Earth's Greenhouse Gas
Build-Up Worst In 20
Million Years
Tim Radford - Science Editor,3604,355070,00.html
The two men analysed the shells of tiny ocean creatures to build up a fossil record of the chemistry of the atmosphere for the past 60m years. Their discovery will add to pressure on governments to implement international agreements to reduce the greenhouse gases that fuel global warming. The news comes hard on a report from the University of Colorado that Arctic temperatures are at their warmest for at least 400 years.

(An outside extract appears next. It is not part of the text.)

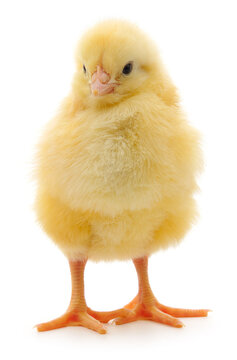 yellow baby chick Gallus gallus domesticus standing isolated on white background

Paul Pearson of the University of Bristol and Martin Palmer of Imperial College, London, report in Nature today that they used the evidence of plankton shells drilled from the seabed to estimate the acidity of the sea water over a span of time back almost to the era of the dinosaurs. Carbon dioxide dissolves in water to form a weak carbonic acid. They reasoned that the tissue of floating organisms would reflect the carbon dioxide levels of the world around them - and then hold that record locked in the fossilised shells.
Other studies of more recent records have confirmed a picture of a rapid warming in the past two decades. Winter is in retreat. The growing season in Europe is 11 days longer than it was 35 years ago. Sea levels have crept higher throughout the century. Six of the 10 warmest years ever recorded occurred in the 1990s; the other four all happened in the late 1980s. The Arctic ice cover is in retreat, shrinking by an area the size of the Netherlands every year. It is also thinning, from more than three metres thick to less than two metres in 30 years.
Now a team from Boulder, Colorado, reports this week in the Dutch journal Climate Change that wherever it looked - at Arctic ice cores, lake sediments or plant growth in the permafrost - it saw confirmation that the Arctic had warmed by 6C in the past 30 years.
But in the tropics, humans have felt the impact more cruelly. Researchers long ago predicted more storms, droughts and floods as a consequence of a warmer world, and both the economic costs, and the numbers of victims of climate-related disasters, have increased in the past decade.
Paul Epstein, of the Harvard medical school in the US, warns in this month's Scientific American that global warming must also mean an increase in water-borne and insect-borne diseases to add to the threat.
But until now researchers have had no clear idea of the long term pattern of the planet's atmosphere. Dr Pearson said: "Our observations put the modern greenhouse effect into a long term perspective."
For much of the past 20m years, the planet has been quite cool. An Australian team reports in Nature today that at the height of the last ice age, 21,000 years ago, sea levels were 135 metres lower than today, and the continents were covered by an extra 52m cubic kilometres of ice.
But carbon dioxide levels are rising swiftly because of fossil fuel burning and the clearing of the planet's forests, which in past aeons have taken carbon from the air and stored it, first as wood and then as coal. By 2100 the carbon dioxide levels will increase to match those last seen in the Eocene, 50m years ago. In those days, much of Europe was flooded, there were no ice caps, London was a steaming mangrove swamp and the average temperature of southern England was 25C. Today, the average temperature is 10C.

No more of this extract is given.